Les résidus c’est ce qu’il reste une fois qu’on a traité la roche d’intérêt pour extraire le métal. Dans le cas de la mine d’Echassières, la roche sera traitée de façon chimique, à l’acide sulfurique. Ces résidus miniers ne sont donc pas inertes, présentent une dangerosité bien réelle, et Imerys n’a toujours pas indiqué ce qu’ils en feraient, si ce n’est qu’ils seraient transportés par train dans les environs, probablement dans d’anciennes carrières… 

Il y a de plus une forêt à côté, la forêt des Colettes, constituée d’une hêtraie avec de nombreux arbres remarquables, et dont une partie est classée Natura 2000. Ce serait le principal impact de la mine sur la biodiversité que l’on peut imaginer. 

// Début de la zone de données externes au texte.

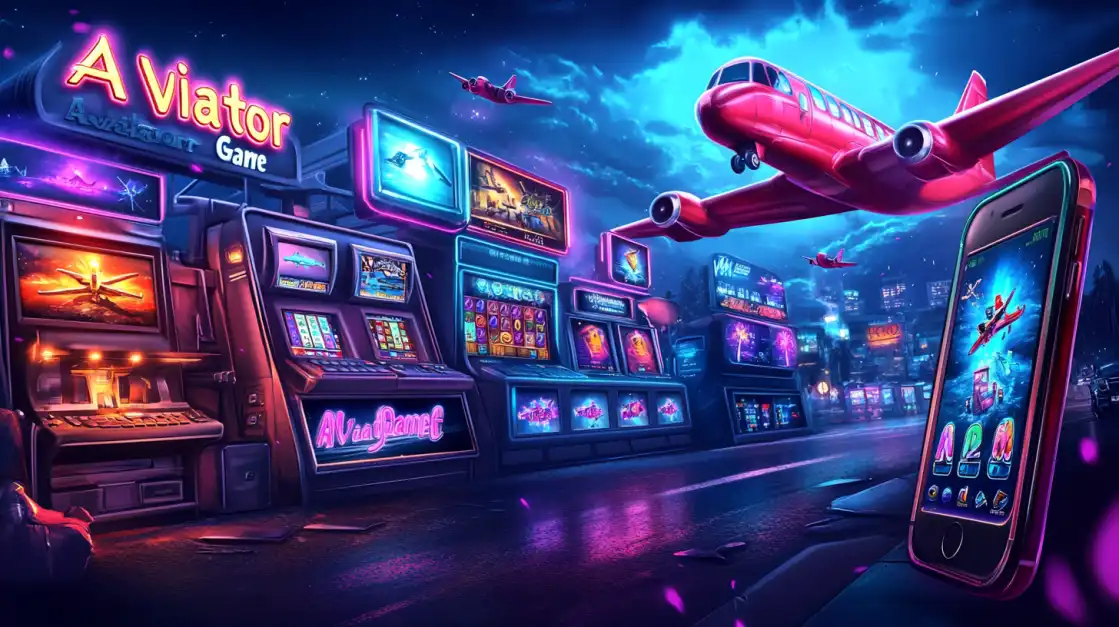 Fly Through a Neon City of Wins with Aviator at BN880 A red plane from the 'Aviator Game' flies through a futuristic neon city street lined with slot machines, with the game's interface on a phone, creating a unique and exciting image for BN880.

Il y a de bons arguments contre cette mine, mais que répondre quand on nous dit : “vous les écologistes vous êtes contre tout ” ? 

Fanny Verrax : Vaste question !  Si on se concentre sur  la question de la relance minière, il y a quatre narratifs qui permettent de justifier et légitimer la relance minière en France et en Europe : l’argument de la transition énergétique et de la décarbonation, l’argument de souveraineté géopolitique, l’argument moral (“il faut qu’on arrête de faire porter nos externalités sur les pays du Sud”), et l’argument de la mine responsable qui consiste à dire qu’aujourd’hui, en Europe, on sait faire des mines avec beaucoup moins d’impacts et qu’il n’y a donc plus de raison de s’opposer. 

Donc,  avant même qu’un projet de mine voie le jour, il y a ces quatre narratifs qui sont portés par les pouvoirs publics, par l’industrie et par une partie des médias. Le riverain ou le citoyen qui voudrait émettre un doute, même sans parler de s’opposer frontalement, est donc jugé en creux comme étant contre la transition écologique, contre la souveraineté de son pays, contre le progrès technologique et contre le fait de soulager les pays que nous avons déjà largement pollués. En termes de trame narrative, c’est extrêmement bien ficelé. Cela nous enferme dans un schéma, et nous empêche de proposer une autre voie, défendue par certains partis écologistes.

Plus généralement, sur cette accusation ou critique qu’on entend souvent selon laquelle “les écolos seraient contre tout”, il faut distinguer entre une écologie politique et une écologie scientifique. L’écologie scientifique c’est un ensemble de constats et de cadres théoriques très largement partagés par des scientifiques de disciplines, d’institutions et de pays différents. Le constat du dépassement des limites planétaires, on n’a pas à être pour ou contre. 

Sur la réponse à apporter face à ces constats en revanche, c’est là le rôle de l’écologie politique. On pourrait dire que le dénominateur commun de tous les courants de l’écologie politique, c’est la centralité accordée à la question environnementale et à l’enjeu de l’habitabilité du monde, et il y a bien plusieurs registres et horizons qui se mettent en place. La croissance verte portée par l’innovation technologique en est un, la décroissance et la nécessité de sortir d’un schéma productiviste en est un autre. Et en effet, quand on regarde les réponses et les préconisations de chaque communauté de l’écologie politique, il y en a toujours une qui va être en désaccord avec un projet spécifique.

Donc si on simplifie à outrance, sans distinguer les courants de l’écologie politique,  on peut effectivement clamer: “ah ben les écolos ils sont toujours contre tout” ! Généraliser les positions des partis et des communautés écologistes est une erreur qu’on ne peut plus faire en 2025, sauf à vouloir les dénigrer.